After a daemon crash + restart, consumer offsets are preserved.
Workers resume from last_acked_seq + 1 instead of from the
beginning. Same for queue-group offsets.
The startup line on stderr tells you what was replayed:
arcflow-daemon: replaying 12834 WAL entries from /var/lib/arcflow/wal.bin
arcflow-daemon: WAL durability enabled at /var/lib/arcflow/wal.bin (replayed 12834 entries; flush_count=1000, flush_interval_ms=10)
arcflow-daemon: UDS listening on /tmp/arcflow.sock (Ctrl+C to stop)
Tuning the disk lane#
The async WAL lane batches ops before each fsync. Two flags control
the batching policy; both apply only when --data-dir is in use.
| Flag | Default | Meaning |
|---|---|---|
--wal-flush-count <N> | 1000 | Fsync after this many ops accumulate. |
--wal-flush-interval-ms <N> | 10 | Fsync at most this long after the first buffered op, even if the count threshold isn't hit. |
The threshold that fires first wins on each batch.
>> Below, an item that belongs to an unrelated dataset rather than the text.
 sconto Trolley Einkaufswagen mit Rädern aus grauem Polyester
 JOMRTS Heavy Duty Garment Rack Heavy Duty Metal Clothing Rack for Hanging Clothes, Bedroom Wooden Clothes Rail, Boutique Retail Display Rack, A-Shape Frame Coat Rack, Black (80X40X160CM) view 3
Pick a preset by workload:
# Strict durability (every-op fsync; expensive but bounds data loss to ≤1 op)
arcflow-daemon --data-dir /var/lib/arcflow \
--wal-flush-count 1 --wal-flush-interval-ms 1
# Balanced (default — good for most pub/sub workloads)
arcflow-daemon --data-dir /var/lib/arcflow
# High-throughput batch ingestion (fewer fsyncs, larger crash window)
arcflow-daemon --data-dir /var/lib/arcflow \
--wal-flush-count 10000 --wal-flush-interval-ms 100Both flags must be > 0: a 0 count would disable the
count-driven flush path; a 0 timeout would spin the disk-lane
thread. The daemon rejects either with an explicit error at startup.
Bounding request size — --max-line-bytes#
By default the daemon caps a single newline-delimited UDS request
at 16 MiB (16 777 216 bytes). Override with
--max-line-bytes <N>. Floor: 1024 (1 KiB) — anything below
will reject normal JSON-RPC envelopes and is rejected at startup.
Why this exists: the UDS reader was previously unbounded, so a
buggy client streaming bytes without a terminating \n could
OOM the daemon. The bounded path closes the connection with a
typed error after the first oversized line:
{"id": null, "result": null,
"error": {
"code": "LINE_TOO_LARGE",
"message": "request exceeds --max-line-bytes (16777216); closing connection. …"
}}The frame is desynced once we abort mid-line, so the daemon must
close the socket — clients should reconnect. Pick a tighter cap
(e.g. --max-line-bytes 65536) when running in adversarial /
shared environments, or a looser cap (e.g. --max-line-bytes 67108864 for 64 MiB) when your topic.publish_batch legitimately
ships very large frames.
The same cap covers the HTTP/SSE bridge — parse_request enforces
it as the cumulative budget across the request line plus every
header, so an attacker can't bypass the per-line limit by sending
many small headers. Oversized HTTP requests get a 413 Payload Too Large response and a closed socket:
HTTP/1.1 413 Payload Too Large
Content-Type: text/plain; charset=utf-8
Connection: close
request exceeds --max-line-bytes (16777216); closing connection
Bounding concurrent connections — --max-connections#
By default the daemon caps active connections (across UDS + HTTP)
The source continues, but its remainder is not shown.